Appellant’s submissions 

[11]      The appellant is self-represented. He argued that the direction should be varied in such a way that its new reading explicitly directs the respondent to supply him with all of its health and safety documentation and information related to his employment at Tudhope. The appellant has made previous requests for this information to the health and safety representative at Tudhope, and directly to HSO O’Donnell himself. These requests were denied.

[12]      The appellant argued that it is his understanding from reading HRSDC’s website and its reference to the Code that he has a legal right to have access to all of the health and safety documentation that his employer possesses relating to his employee file. 

[13]      For these reasons, the appellant argued that the direction should be varied in the aforementioned way.

Respondent’s submissions

[14]      It is contended by the respondent that the appellant’s appeal is not easily addressed because it involves an appeal of a direction by a HSO that was issued to Tudhope that was subsequently complied with.

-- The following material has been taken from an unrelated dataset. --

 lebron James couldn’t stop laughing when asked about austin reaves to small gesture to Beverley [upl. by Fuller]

[15]      The respondent disputes the fact of the initial claimed injury. Since this claimed injury, the appellant has filed complaints under several sections of the Code. On numerous occasions, the appellant has also filed with the Workplace Safety and Insurance Board, the Canada Industrial Relations Board, and the Canadian Human Rights Commission. Some of these proceedings have been finalized with rulings that have not been appealed, while others have been ruled upon, but are currently under appeal by the appellant.


[16]      For the reasons that follow, I have decided to confirm the direction issued by HSO O’Donnell to Tudhope Cartage Limited on January 4, 2012.

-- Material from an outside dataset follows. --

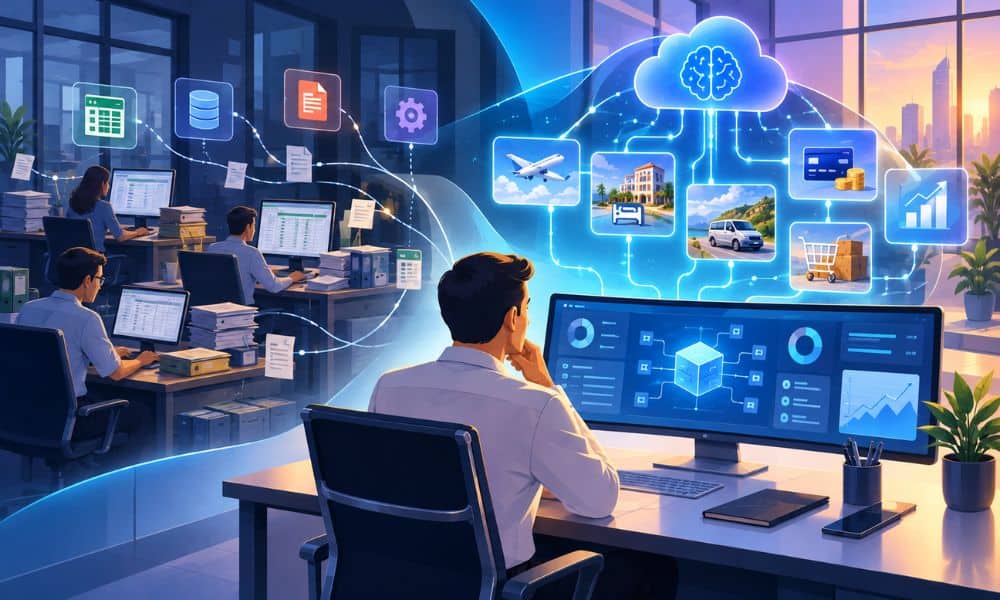 Modernización de software para empresas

[17]      The power exercised by HSO O’Donnell is found under subsections 141(1)(h) and (i) of the Code. These provisions read as follows:

141.(1) Subject to section 143.2, a health and safety officer may, in carrying out the officer’s duties and at any reasonable time, enter any work place controlled by an employer and, in respect of any work place, may


(h) direct the employer to produce documents and information relating to the health and safety of the employer’s employees or the safety of the work place and to permit the officer to examine and make copies of or take extracts from those documents and that information;

(i) direct the employer or an employee to make or provide statements, in the form and manner that the officer may specify, respecting working conditions and material and equipment that affect the health or safety of employees;

[18]      The powers set out above are discretionary powers of a HSO. In other words, these powers arise not out of the finding of a contravention of the Code, but pursuant to the discretionary authority of a HSO to determine what is needed to conduct their investigation into an occupational health and safety matter that has arisen under Part II of the Code.

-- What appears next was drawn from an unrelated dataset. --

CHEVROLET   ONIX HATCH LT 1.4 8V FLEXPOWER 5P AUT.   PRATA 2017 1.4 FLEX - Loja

[19]       Based on the facts that I have received, I see no reason to interfere with the manner in which HSO O’Donnell exercised his discretionary authority for the conduct of his investigation. The HSO properly used his authority under subsections 141(1)(h) and (i) of the Code to issue a direction that he felt would allow him to have access to information that he deemed to be useful for properly handling the complaints raised by the employee, Mr Schauz.


[20]      Pursuant to my powers under subsection 146.1(1)(a), I hereby confirm the direction of HSO Michael O’Donnell, issued on January 4, 2012 to Tudhope Cartage Limited.